There are a lot of headlines today about tech getting a slap in the face on Wall Street — particularly Apple which is down more than 3%. These guys are actually down only a few percentage points but for the largest companies in the world, that translates to billions of dollars.

But while we wring our hands around a bit of a sell-off today in some of the largest companies in the world, here’s a not-so-subtle reminder that there’s at least another company that’s decided to go on a rapid rise in the past two years:

That’s Nvidia, a stock that might as well be in the FANG acronym at this point as a major growth stock (that’s Facebook, Amazon, Netflix and Google). Nvidia’s been on a complete tear in the past couple months (and the past few years) thanks to its major presence of the market for GPU technology, which stumbled into a critical component of machine learning technology. Instead of normal CPUs, Nvidia’s windfall has been the wild demand for technology that can support emerging products like self-driving cars, image recognition and natural language processing.

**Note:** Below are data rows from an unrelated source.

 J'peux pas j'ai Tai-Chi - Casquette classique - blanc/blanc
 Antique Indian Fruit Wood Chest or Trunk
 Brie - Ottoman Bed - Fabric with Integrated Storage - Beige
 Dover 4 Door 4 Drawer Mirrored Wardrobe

Not surprisingly, Nvidia’s income more than doubled year-over-year when the company last reported its financial guts in May. Major car companies looking to power their self-driving efforts are going to need this kind of hardware. The larger companies like Google are working on their own kinds of hardware to power machine learning, but Nvidia for now can at least enjoy a head start and power the rest of the world for now.

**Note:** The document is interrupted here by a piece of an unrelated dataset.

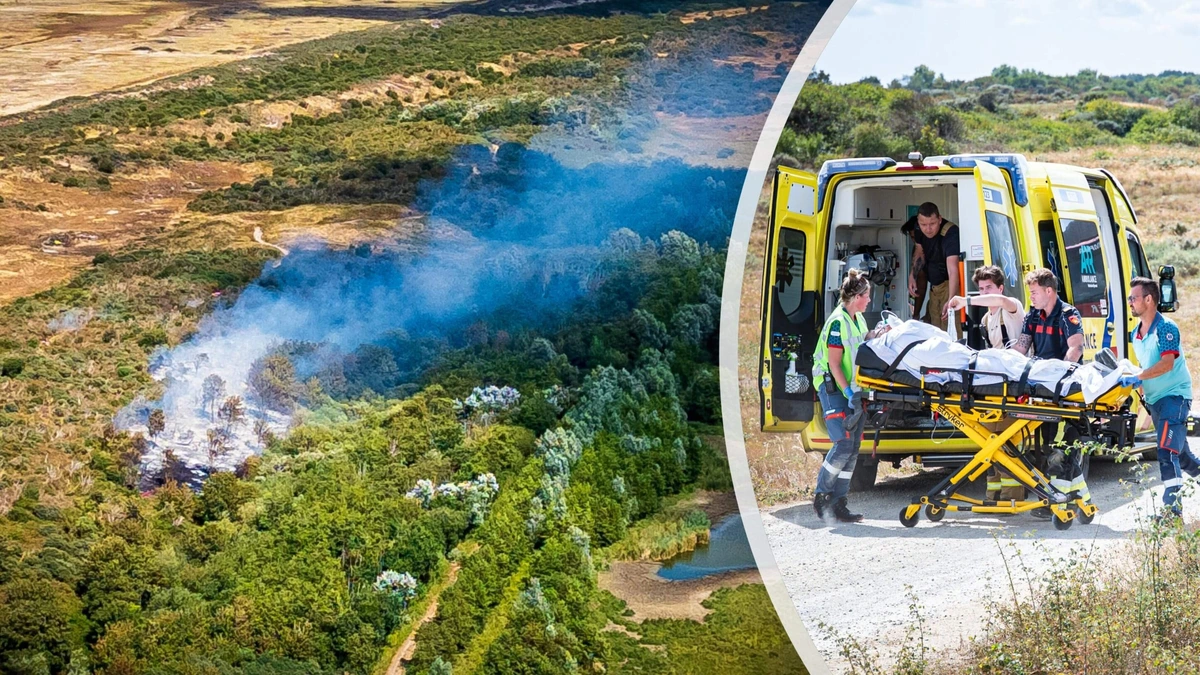 LIVE | Natuurbrand bij Ouddorp breidt zich niet meer uit door stoplijnen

Let’s also wind the clock back just a little further to two years:

Nvidia’s not down today, either — it’s flat. And here’s what it looks like since CES, which it held a massive keynote that included everything from self-driving cars to a demo of the wildly mediocrely-received Mass Effect: Andromeda. The Nintendo Switch also came out during this period, which you still probably can’t find a place to purchase right now:

Nvidia was more or less the star of CES amid a flurry of pressure on companies to start deploying increasingly complex machine learning algorithms. While there will still be plenty of demand for better gaming technology, nearly every major company in the world will be in a race against the other to show they have some kind of competitive edge — either in a voice assistant or a startup looking to power some new kind of technology with a massive pile of data.

For the sake of the rest of things, here’s Facebook in the last two years:

Anyway, happy lame stock day folks. Not everything is awful. Onwards and upwards.